今天,漫长的基督教之火行将熄灭,我们应该在自己身上找到新的光源。
等待大动荡是无济于事的。我们不能说:“噢,这世界不是我创造的,因此怎样修补不由我决定,那是时间和事变的事儿。”不,时间和事变什么作用也不起,一次大的动荡之后,人只会变得更糟。那些从革命的恐怖中“逃”出来的俄国人,大多已不再称得上是人了。人的尊严已荡然无存,剩下的只是垮掉的行尸走肉,还在那儿解嘲说:“看看我,我还活着,还能吃更多的香肠。”
动荡救不了人类。几乎每次动荡以后,人们灵魂中那些正直和自豪便会在灾难的恐慌中消失殆尽,使人成为痛苦而孱弱的动物,耻辱的化身,什么也干不了。这便是动荡带来的最大危险,特别在信仰出现危机的今天更是如此。人丧失了信念和勇气,无法使自己的灵魂始终保持清醒、激奋,不受破坏。接下去,便是漫长的忍辱负重。
可怜、清醒又永远摆脱不了动物属性的人类面临着极其严峻的命运,想逃也逃不掉。这一命运决定人必须不断地进行思想的探索,永不停步。人是天生的思想探索者,必须探索不已,一旦他为自己建造起房子,以为可以稳坐在里面吃知识的老本,他的灵魂就会失常,他就会开始毁掉自己的房子。
今天,人成了房子的奴隶。人类意识营造的房子过于窄小,无法使我们在那儿自由自在地生活。我们的主导思想不是北极星,而是挂在我们脖子上的磨石,使我们透不过气来。这古老的磨石!
这就是我们命运的组成部分。作为有思维的生灵,人命里注定要去寻找上帝,去形成生活的概念。但是,由于无形的上帝是想象不出来的,由于生活永远不仅仅只是抽象的思想,因此,请注意:人类对上帝和生活的概念往往遗漏掉许多必不可少的东西,而这些遗漏物最终会向我们算账,这就是我们的命运。
没有什么能改变这种情况。
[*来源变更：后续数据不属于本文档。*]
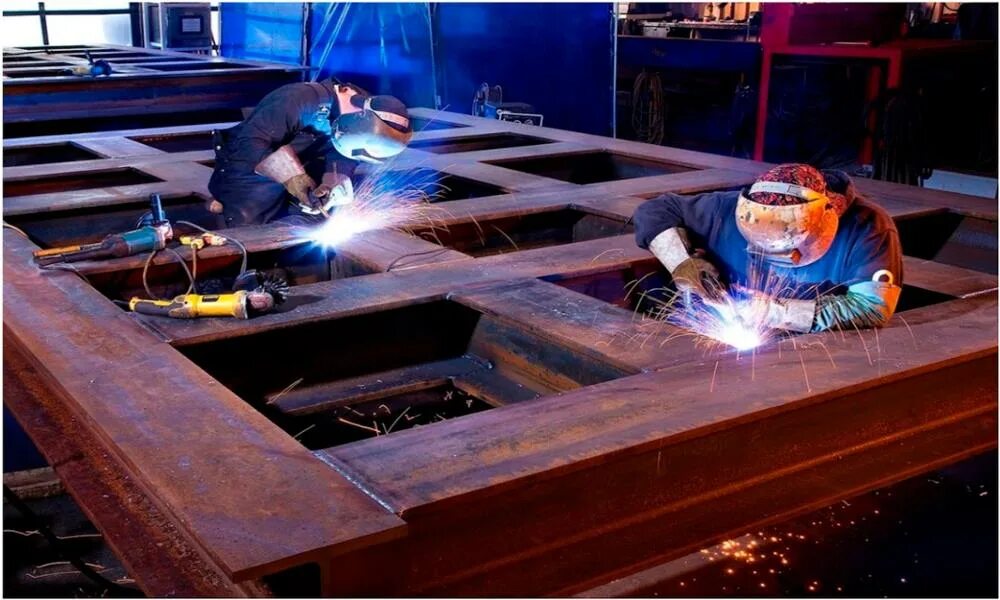 Профессия помощник сварщика. Цех сварки. Сварка аргоном. Сварочные технологии. Сварщик металлоконструкций.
当那个被我们遗忘的上帝从冥冥中向我们发起猛攻,当被我们拒之门外的生活在我们的血管里注入毒液和疯狂时,我们剩下可做的只有一件事:挣扎着去寻找事物的心脏,那儿存放着不灭的火焰,用它为自己重新点燃另一盏灯。总之,我们得再进行一次艰苦的跋涉,一直进入能量的中心,以探求律动的思想。我们得在无畏的大脑和鲁莽的真情之间萌发新的种子——新思想的种子。要么是重新认识上帝,要么是重新认识生活,反正是一种新的认识。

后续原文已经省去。